7. Alte Opel-Tugenden
Opel-Modelle, die vor der PSA-Übernahme entwickelt wurden, mögen zwar hier und dort ein wenig altbacken wirken, speziell, wenn man die etwas antiquiert wirkenden Anzeigen im Meriva-Cockpit betrachtet, fallen aber unterm Strich ein ganzes Stück wertiger aus als die aktuellen Alternativen. Trotz ihrer leichten Bedienbarkeit fühlen sich Lenkung, Pedalerie und Fahrwerk im positiven Sinne schwerer und substanzieller an. Faktisch lässt sich zudem feststellen, dass Verschleißpunkte wie Kupplungen, Bremsen oder Abgasanlagen schlicht haltbarer und großzügiger dimensioniert sind als es heute der Fall ist. Trotz der eher kleinen Hubräume sollten seine Motoren nicht als Downsizing-Triebwerke betrachtet werden. Statt der günstigst möglichen Scheibenwischer mit breiter Schmutzecke verfügt der Meriva über fette Buswischer, die die große Frontscheibe fast vollständig abdecken. Wer sein Auto länger als eine Handvoll Jahre behalten möchte, dürfte all dies sehr schätzen.
8. Die Ausstattung
Hier fallen zwei glückliche Umstände zu den Gunsten des Meriva: Die ohnehin üppige Grundausstattung bei gleichzeitig breitem Angebot an Extras, sowie die Tatsache, dass der Meriva anders als Astra oder Insignia weniger als karger Dienstwagen und mehr als gemütliches Privatauto konfiguriert wurde. Das bedeutet heute wiederum, dass zwar nicht unbedingt alle Meriva in der höchsten Ausstattungslinie nebst Ledersitzen und 17-Zoll-Alus unterwegs sind, dafür aber meist eine große Menge kleiner Nettigkeiten besitzen. Die große Mehrheit besitzt eine Klimaautomatik, Sitz- und Lenkradheizung, Einparkhilfe, Kurvenlicht (wenn auch nur mit Halogentechnik) oder die Opel-typisch hervorragenden Sitze. Und das versüßt den Alltag auch heute noch.
9. Der Crossland
Warum soll der inoffizielle Meriva-Nachfolger bitteschön einen Vorteil für seinen Vorgänger darstellen?

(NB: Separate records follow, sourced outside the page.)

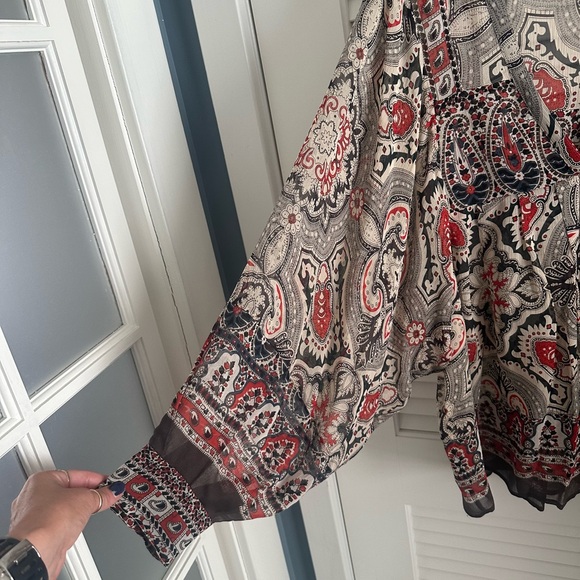 Joie Silk Blouse • Size Small - Picture 4 of 4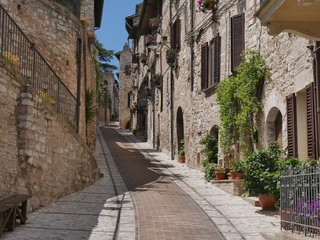 Fototapeta na wymiar Spello – Porta dell'Arce e piazza dei Cappuccini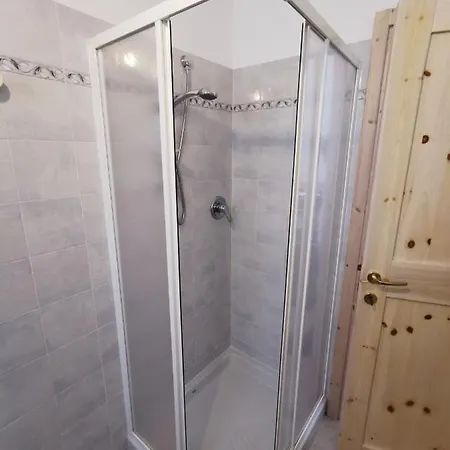 La Striscia Larga 3*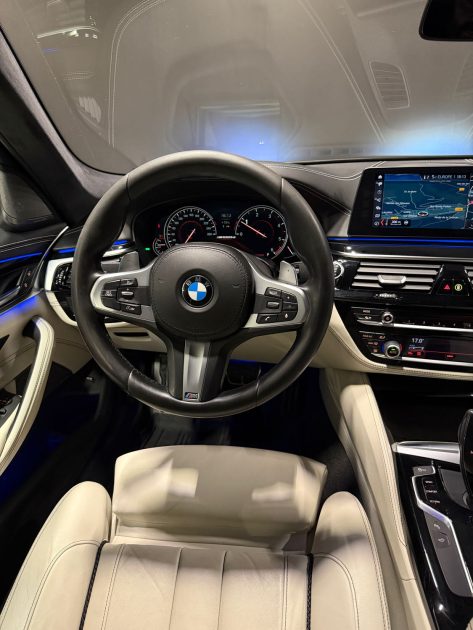 BMW M550D XDRIVE FROZEN BLACK NO.13/30 2018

Die Antwort ist simpel: Weil Opel die Baureihe nach der Übernahme durch PSA in das trendige Klein-/Kompakt-SUV-Crossover Mischsegment übersiedelte. Ein kompakter Van mit leicht seniorigem Ruf wurde dadurch gleich umso weniger hip, was für überdurchschnittlich günstige Preise selbst während der Coronakrise und des folgenden Automangels sorgte. Gleichwohl ist der Crossland mit seinen empfindlichen Nass-Zahnriemen-Dreizylindern beileibe nicht das bessere oder gar hochwertigere Auto – wohl aber das teurere.
10. Und wo sind die Schwachstellen?
Grundsätzlich haben wir die Antriebstechnik des Meriva gelobt, und dabei bleibt es auch grundsätzlich. Die einzige echte Opel-Achillesferse aus der Zeit bis einschließlich 2013: Das M32-Schaltgetriebe mit sechs Gängen. Hier sind unbedingte Laufruhe und ein ruhig stehender Schalthebel essenziell. Gibt das Getriebe ein tempoabhängig mahlendes Geräusch ab (klingt wie ein Fahrraddynamo) und hüpft der Schalthebel lastabhängig umher, ist eine teure Reparatur vonnöten.
Und sonst? Nun, schön wäre 2017 eine weitere Runderneuerung gewesen, die dem Meriva vielleicht etwas hochwertigere Kunststoffe und hier und da bessere Geräuschdämmung beschert hätte. So wirkt er auf den Fingerklopftest oder beim Türenschließen oft etwas spröde – schade, bei einem sonst durchaus hochwertig gemachten Auto.
Fazit
Ob der Meriva nun dem traurigen Erbsengericht entspricht, oder als wohltuend alltägliche Hausmannskost zu genießen ist, bleibt Ihnen überlassen. Wer aber schlicht auf der Suche nach einem äußerst tauglichen Nutzfahrzeug ist – womöglich um den feinen Zweitwagen fürs Wochenende zu schonen, ist mit dem gebrauchten Opel-Minivan bestens beraten.